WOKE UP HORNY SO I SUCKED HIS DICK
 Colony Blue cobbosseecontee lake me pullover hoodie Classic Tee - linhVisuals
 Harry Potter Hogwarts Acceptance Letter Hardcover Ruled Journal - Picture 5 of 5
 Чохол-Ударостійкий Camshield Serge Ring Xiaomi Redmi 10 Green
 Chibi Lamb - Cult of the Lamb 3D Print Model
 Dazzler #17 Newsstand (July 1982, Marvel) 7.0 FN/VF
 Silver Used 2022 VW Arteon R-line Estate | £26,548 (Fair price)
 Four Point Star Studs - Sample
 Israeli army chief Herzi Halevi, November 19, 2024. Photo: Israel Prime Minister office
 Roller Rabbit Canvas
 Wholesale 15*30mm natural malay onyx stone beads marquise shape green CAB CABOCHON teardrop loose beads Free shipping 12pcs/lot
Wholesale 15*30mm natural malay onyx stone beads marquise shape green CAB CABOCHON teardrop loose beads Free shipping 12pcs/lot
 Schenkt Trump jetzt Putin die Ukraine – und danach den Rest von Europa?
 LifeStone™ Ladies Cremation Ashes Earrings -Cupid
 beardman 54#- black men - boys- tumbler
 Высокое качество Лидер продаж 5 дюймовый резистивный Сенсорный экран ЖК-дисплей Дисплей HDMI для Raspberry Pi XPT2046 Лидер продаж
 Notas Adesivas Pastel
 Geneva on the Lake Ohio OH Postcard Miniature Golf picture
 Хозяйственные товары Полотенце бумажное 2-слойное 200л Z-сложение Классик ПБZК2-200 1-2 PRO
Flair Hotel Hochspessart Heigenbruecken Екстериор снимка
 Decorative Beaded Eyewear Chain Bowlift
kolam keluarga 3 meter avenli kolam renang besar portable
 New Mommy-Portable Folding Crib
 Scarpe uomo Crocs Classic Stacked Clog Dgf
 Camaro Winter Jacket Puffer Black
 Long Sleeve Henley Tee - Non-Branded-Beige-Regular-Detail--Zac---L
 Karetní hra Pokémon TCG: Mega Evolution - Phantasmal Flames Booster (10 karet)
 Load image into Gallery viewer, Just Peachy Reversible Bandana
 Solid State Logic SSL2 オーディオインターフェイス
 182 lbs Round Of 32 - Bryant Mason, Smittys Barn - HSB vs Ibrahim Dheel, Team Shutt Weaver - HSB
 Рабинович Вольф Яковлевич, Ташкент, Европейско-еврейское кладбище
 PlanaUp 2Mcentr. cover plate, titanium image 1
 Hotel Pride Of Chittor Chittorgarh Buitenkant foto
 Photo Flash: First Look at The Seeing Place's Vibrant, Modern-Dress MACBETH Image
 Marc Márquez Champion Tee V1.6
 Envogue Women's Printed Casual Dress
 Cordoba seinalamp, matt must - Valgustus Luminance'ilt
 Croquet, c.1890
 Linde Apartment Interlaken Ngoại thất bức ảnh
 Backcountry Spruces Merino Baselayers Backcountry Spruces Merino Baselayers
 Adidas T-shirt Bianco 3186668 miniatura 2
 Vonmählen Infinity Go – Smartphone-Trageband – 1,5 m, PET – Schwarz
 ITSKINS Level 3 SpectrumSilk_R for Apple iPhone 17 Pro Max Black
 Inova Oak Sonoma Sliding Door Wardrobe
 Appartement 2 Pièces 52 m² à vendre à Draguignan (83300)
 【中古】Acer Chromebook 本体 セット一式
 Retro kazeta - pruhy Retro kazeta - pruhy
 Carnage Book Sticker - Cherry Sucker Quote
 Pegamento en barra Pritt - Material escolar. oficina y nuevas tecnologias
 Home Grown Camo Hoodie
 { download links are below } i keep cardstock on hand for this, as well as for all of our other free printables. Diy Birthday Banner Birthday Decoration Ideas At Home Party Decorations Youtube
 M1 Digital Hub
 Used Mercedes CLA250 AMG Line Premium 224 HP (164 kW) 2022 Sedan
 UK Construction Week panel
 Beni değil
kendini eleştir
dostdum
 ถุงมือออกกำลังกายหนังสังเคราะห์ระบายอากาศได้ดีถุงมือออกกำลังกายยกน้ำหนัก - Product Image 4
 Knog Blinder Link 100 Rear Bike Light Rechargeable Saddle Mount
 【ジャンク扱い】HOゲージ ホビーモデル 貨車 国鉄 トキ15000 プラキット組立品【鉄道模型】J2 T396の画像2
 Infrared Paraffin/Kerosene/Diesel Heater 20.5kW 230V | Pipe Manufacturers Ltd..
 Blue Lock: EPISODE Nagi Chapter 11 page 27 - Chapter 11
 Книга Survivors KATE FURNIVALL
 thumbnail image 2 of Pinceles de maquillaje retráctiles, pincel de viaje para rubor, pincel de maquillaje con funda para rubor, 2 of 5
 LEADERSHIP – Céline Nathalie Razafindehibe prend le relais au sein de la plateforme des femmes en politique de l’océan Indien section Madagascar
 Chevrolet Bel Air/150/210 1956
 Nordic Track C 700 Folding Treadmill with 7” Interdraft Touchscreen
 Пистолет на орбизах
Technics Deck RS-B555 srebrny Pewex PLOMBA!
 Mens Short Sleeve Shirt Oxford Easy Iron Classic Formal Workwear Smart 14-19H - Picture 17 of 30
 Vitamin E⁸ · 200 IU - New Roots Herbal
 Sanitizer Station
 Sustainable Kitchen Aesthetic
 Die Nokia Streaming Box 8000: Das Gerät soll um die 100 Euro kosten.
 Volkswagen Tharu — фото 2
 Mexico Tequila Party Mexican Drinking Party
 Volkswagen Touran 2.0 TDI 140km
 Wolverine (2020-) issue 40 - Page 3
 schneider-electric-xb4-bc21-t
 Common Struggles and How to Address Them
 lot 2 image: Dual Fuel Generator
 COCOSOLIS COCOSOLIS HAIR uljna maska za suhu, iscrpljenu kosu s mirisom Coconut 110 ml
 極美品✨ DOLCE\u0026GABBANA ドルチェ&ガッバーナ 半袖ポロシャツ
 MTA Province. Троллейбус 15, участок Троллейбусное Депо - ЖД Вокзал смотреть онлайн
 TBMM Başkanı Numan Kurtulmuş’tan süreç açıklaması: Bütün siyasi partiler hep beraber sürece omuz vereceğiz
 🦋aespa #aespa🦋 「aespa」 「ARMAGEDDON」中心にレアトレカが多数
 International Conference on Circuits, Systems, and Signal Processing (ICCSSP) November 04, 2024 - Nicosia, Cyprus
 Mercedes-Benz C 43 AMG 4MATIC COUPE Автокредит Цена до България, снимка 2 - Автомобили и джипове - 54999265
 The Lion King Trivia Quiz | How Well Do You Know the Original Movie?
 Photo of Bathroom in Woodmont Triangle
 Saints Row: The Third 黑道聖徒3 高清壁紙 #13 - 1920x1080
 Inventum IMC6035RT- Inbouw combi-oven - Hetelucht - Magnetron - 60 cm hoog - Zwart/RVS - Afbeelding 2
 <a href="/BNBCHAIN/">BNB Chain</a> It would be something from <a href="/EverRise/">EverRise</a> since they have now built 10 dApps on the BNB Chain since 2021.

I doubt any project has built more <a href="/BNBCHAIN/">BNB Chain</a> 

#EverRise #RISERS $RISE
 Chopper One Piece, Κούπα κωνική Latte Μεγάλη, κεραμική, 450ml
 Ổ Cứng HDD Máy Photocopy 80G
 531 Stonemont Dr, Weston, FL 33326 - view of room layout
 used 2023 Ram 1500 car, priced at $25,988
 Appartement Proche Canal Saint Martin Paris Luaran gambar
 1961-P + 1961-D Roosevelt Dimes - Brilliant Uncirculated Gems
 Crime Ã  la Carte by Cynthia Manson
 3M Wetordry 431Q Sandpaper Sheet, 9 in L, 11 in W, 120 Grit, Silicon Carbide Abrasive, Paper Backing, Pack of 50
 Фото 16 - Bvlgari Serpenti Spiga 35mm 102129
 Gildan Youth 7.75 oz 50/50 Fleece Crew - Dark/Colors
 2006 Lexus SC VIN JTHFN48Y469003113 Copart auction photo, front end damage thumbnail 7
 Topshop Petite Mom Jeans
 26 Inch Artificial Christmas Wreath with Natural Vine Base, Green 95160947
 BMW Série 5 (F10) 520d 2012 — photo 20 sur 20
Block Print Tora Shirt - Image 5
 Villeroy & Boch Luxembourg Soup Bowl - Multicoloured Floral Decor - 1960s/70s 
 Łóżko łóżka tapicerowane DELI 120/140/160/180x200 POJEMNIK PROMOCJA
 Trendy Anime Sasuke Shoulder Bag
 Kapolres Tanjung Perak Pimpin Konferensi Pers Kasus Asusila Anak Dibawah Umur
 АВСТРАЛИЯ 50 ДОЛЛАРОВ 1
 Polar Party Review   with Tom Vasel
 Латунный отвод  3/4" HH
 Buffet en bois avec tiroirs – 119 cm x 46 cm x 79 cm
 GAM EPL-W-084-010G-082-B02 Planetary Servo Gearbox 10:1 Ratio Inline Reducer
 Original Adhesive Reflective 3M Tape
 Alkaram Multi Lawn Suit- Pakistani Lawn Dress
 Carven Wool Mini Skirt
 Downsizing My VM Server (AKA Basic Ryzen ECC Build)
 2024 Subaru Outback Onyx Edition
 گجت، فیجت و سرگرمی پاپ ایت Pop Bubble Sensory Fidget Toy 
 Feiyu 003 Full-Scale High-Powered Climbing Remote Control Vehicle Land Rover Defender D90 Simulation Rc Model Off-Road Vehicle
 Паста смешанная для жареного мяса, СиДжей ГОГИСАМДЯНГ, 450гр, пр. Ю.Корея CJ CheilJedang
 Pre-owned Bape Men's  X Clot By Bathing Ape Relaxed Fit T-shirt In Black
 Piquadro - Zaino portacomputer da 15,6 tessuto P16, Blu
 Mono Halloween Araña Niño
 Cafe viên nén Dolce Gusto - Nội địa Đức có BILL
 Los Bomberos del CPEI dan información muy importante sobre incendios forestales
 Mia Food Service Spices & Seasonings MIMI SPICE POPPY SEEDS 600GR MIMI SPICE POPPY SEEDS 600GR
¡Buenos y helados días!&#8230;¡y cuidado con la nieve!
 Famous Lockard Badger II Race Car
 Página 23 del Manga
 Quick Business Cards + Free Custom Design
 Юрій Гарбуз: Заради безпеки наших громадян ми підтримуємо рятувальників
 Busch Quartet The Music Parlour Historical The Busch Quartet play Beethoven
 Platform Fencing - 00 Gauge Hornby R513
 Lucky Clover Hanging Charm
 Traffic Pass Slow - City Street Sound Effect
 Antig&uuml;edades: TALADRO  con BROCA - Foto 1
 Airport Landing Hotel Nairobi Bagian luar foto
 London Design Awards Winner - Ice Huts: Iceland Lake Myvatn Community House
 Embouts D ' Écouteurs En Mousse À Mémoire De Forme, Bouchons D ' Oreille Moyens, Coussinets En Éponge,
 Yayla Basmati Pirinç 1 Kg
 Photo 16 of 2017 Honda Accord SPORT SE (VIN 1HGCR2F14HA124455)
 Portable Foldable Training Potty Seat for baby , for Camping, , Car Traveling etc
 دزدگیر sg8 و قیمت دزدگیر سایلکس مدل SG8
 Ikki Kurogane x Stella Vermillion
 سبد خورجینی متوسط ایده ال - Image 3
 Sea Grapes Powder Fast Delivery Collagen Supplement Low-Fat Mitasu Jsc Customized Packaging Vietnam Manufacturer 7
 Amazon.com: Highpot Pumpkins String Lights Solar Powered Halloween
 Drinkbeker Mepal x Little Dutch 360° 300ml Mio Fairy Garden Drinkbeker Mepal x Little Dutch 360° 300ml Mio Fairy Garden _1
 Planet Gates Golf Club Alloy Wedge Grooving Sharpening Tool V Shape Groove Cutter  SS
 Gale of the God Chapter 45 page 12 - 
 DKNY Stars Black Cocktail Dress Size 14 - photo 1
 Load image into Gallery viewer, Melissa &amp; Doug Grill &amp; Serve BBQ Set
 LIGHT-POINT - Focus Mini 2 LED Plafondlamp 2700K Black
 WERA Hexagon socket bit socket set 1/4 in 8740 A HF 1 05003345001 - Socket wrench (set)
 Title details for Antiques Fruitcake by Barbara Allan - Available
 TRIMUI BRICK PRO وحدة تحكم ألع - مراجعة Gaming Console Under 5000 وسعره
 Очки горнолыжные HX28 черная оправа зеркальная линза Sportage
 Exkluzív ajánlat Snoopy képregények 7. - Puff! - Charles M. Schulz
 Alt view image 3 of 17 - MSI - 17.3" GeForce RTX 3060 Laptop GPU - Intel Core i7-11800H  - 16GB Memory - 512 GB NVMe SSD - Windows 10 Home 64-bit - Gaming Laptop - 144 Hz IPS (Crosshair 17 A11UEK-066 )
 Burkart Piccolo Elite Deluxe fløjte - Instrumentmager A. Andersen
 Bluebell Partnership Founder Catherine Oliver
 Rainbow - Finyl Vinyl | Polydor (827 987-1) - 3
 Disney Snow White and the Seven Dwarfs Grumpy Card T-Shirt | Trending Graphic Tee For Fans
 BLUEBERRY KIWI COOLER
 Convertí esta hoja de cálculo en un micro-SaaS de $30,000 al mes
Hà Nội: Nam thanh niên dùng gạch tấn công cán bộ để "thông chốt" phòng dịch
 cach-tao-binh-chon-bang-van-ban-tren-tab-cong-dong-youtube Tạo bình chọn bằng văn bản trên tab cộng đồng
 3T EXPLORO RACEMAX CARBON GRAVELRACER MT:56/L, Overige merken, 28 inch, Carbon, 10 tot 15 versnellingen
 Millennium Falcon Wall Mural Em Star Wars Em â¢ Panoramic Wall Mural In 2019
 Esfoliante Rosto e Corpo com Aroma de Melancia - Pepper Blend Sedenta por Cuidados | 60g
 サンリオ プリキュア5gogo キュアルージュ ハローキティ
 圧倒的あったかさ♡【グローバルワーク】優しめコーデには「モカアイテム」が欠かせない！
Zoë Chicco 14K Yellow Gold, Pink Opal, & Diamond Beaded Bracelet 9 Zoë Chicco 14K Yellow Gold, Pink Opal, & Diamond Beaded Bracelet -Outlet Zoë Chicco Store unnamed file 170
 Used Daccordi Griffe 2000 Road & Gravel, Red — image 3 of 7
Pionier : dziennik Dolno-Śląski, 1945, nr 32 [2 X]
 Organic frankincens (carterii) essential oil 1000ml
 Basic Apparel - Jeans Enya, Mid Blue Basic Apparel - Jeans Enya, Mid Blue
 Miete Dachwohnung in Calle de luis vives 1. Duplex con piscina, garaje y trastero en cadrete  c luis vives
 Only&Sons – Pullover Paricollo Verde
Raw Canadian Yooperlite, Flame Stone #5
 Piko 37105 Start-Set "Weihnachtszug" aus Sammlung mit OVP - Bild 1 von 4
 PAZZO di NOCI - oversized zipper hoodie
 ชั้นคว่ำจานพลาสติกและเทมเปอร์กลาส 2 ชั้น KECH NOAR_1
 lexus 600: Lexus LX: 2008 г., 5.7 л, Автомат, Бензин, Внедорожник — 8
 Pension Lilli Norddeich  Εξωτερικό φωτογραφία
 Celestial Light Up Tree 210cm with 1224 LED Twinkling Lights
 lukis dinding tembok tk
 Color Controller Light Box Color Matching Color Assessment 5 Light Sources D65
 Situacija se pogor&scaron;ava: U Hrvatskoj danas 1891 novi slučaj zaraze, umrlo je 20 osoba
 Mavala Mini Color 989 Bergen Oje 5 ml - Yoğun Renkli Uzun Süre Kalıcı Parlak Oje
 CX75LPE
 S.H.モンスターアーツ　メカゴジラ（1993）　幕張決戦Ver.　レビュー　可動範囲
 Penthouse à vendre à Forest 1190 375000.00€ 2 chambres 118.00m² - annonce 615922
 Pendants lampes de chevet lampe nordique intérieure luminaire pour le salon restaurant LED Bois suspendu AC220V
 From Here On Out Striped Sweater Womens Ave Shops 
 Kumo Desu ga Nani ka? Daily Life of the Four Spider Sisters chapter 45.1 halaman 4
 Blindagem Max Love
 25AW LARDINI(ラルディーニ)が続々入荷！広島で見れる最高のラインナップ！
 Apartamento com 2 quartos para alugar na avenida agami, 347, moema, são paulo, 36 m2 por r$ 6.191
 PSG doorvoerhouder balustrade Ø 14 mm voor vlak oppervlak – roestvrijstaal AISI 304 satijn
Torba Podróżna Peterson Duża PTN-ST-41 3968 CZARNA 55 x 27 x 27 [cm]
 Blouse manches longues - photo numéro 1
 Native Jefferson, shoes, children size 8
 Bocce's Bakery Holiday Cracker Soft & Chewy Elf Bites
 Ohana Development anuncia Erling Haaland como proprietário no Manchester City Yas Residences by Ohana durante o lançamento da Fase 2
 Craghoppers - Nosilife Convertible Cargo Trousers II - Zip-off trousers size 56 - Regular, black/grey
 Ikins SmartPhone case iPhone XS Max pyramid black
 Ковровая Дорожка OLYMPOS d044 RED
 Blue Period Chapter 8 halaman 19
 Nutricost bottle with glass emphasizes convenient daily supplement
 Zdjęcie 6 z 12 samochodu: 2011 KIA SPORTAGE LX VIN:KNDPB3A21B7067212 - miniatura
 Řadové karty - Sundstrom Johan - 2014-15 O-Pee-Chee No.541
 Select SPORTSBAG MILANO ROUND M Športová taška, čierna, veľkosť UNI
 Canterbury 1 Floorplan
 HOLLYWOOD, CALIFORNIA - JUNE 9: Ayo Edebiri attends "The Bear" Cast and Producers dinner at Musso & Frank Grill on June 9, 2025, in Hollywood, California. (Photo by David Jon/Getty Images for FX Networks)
##############################
*TASK ITEM*:
A verbatim transcription is needed of the lines above, starting at the line with "Hotel Pride Of" and ending at the line with "Cordoba seinalamp, matt", both included, and of nothing else.

*RESULT FOR THIS EXERCISE*:
 Hotel Pride Of Chittor Chittorgarh Buitenkant foto
 Photo Flash: First Look at The Seeing Place's Vibrant, Modern-Dress MACBETH Image
 Marc Márquez Champion Tee V1.6
 Envogue Women's Printed Casual Dress
 Cordoba seinalamp, matt must - Valgustus Luminance'ilt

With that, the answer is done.